Repeat the span of the entries below that starts at the line with "Часы наручные механические" and ends at the line with "3 3 5 4 5 WWW", nothing more. Skip the pictures.

[Web page caption snippets]

───

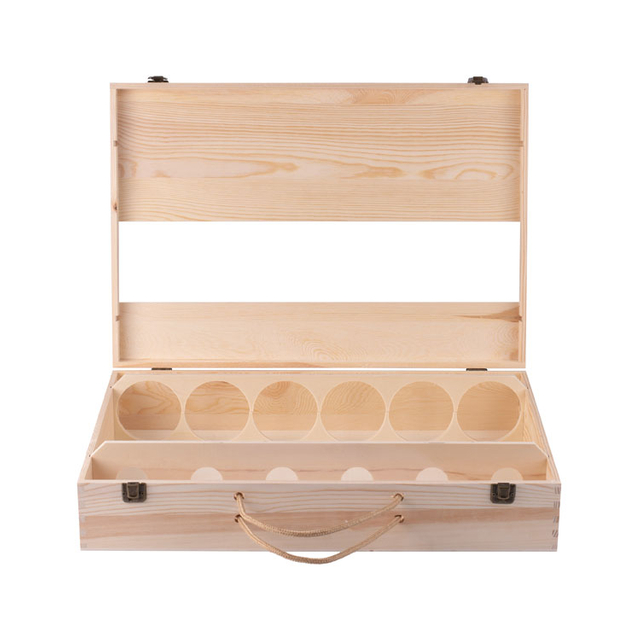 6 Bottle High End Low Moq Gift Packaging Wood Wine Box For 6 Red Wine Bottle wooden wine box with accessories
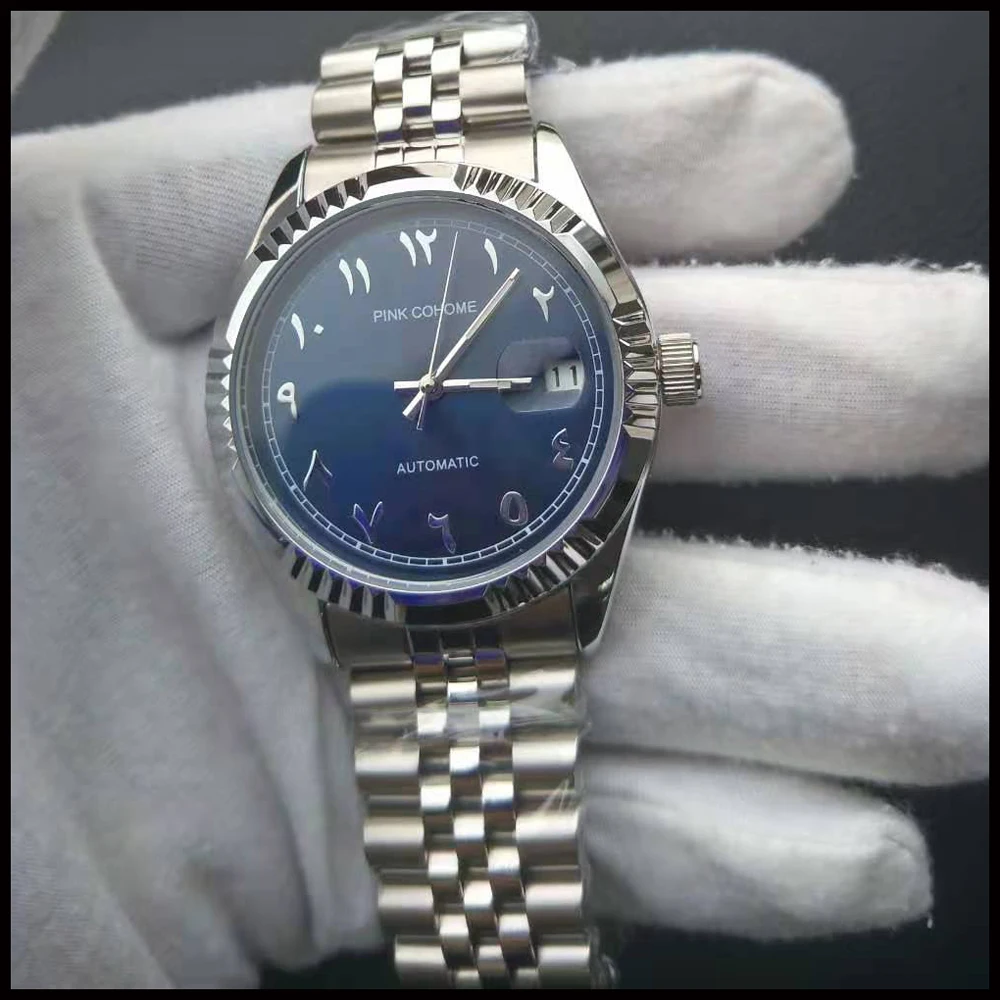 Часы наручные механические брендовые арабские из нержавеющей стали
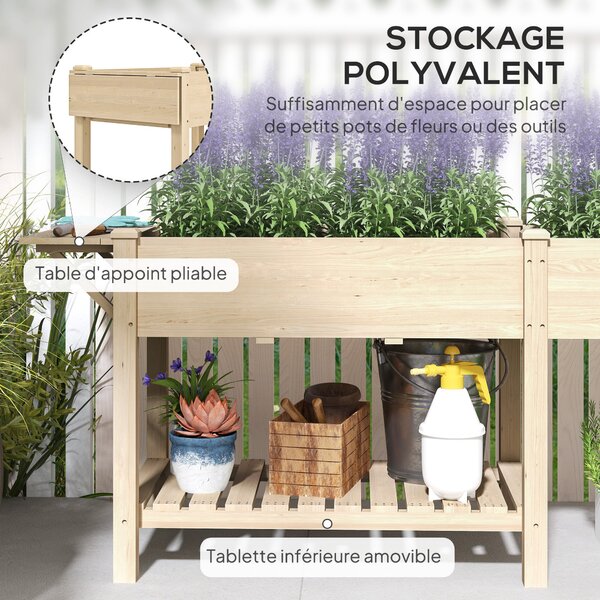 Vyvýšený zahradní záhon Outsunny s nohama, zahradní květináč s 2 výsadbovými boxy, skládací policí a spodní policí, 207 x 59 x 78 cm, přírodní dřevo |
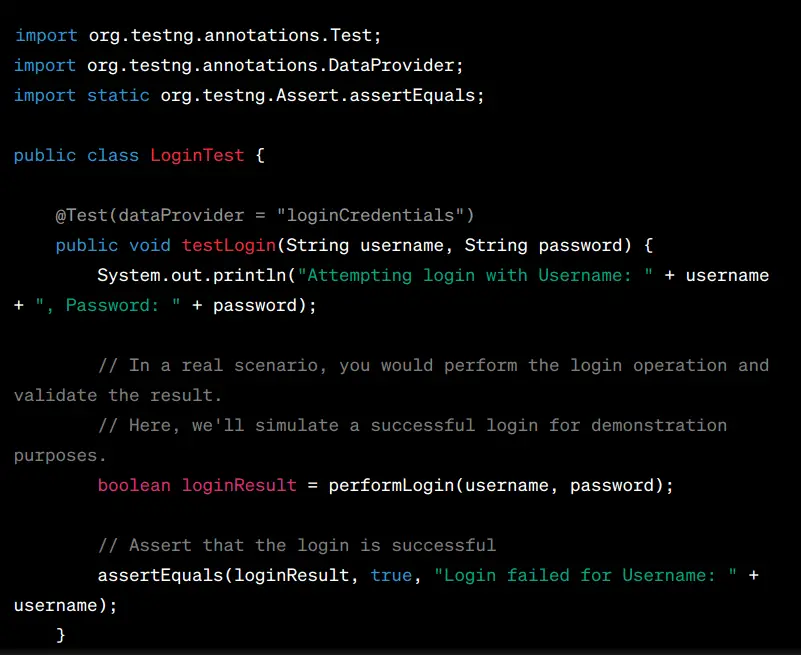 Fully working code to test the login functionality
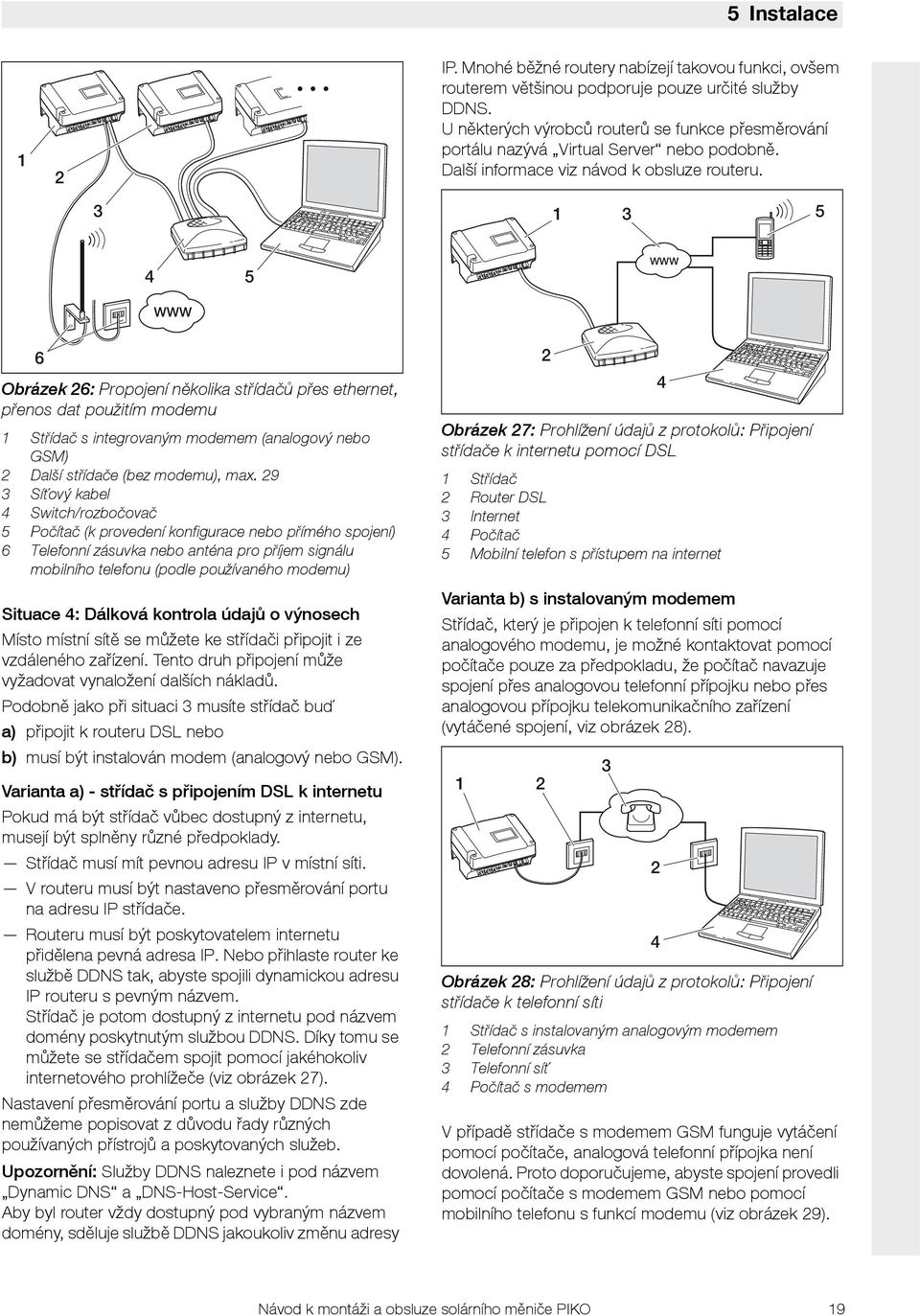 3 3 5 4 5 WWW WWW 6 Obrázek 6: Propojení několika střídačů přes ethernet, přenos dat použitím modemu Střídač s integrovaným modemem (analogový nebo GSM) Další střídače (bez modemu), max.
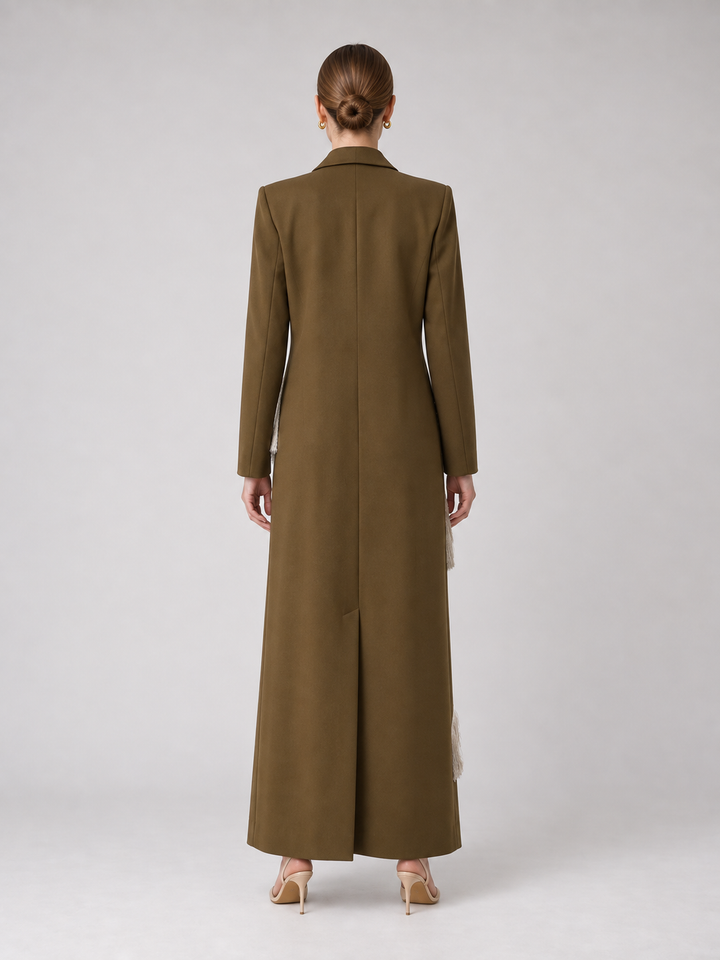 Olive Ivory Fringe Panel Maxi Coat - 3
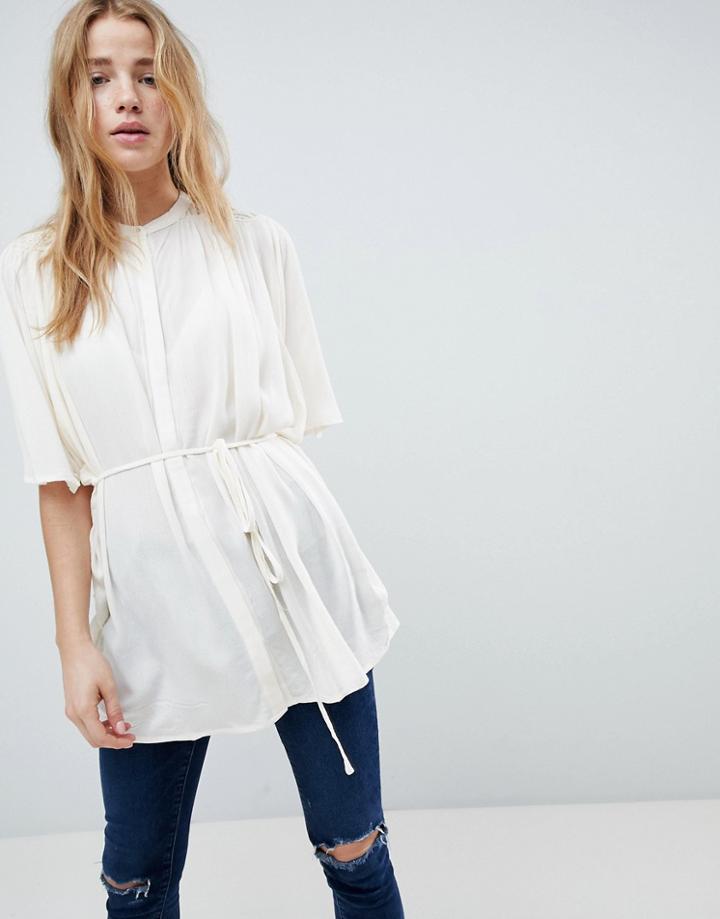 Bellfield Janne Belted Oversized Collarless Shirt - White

───

## Result:
 Часы наручные механические брендовые арабские из нержавеющей стали
 Vyvýšený zahradní záhon Outsunny s nohama, zahradní květináč s 2 výsadbovými boxy, skládací policí a spodní policí, 207 x 59 x 78 cm, přírodní dřevo |
 Fully working code to test the login functionality
 3 3 5 4 5 WWW WWW 6 Obrázek 6: Propojení několika střídačů přes ethernet, přenos dat použitím modemu Střídač s integrovaným modemem (analogový nebo GSM) Další střídače (bez modemu), max.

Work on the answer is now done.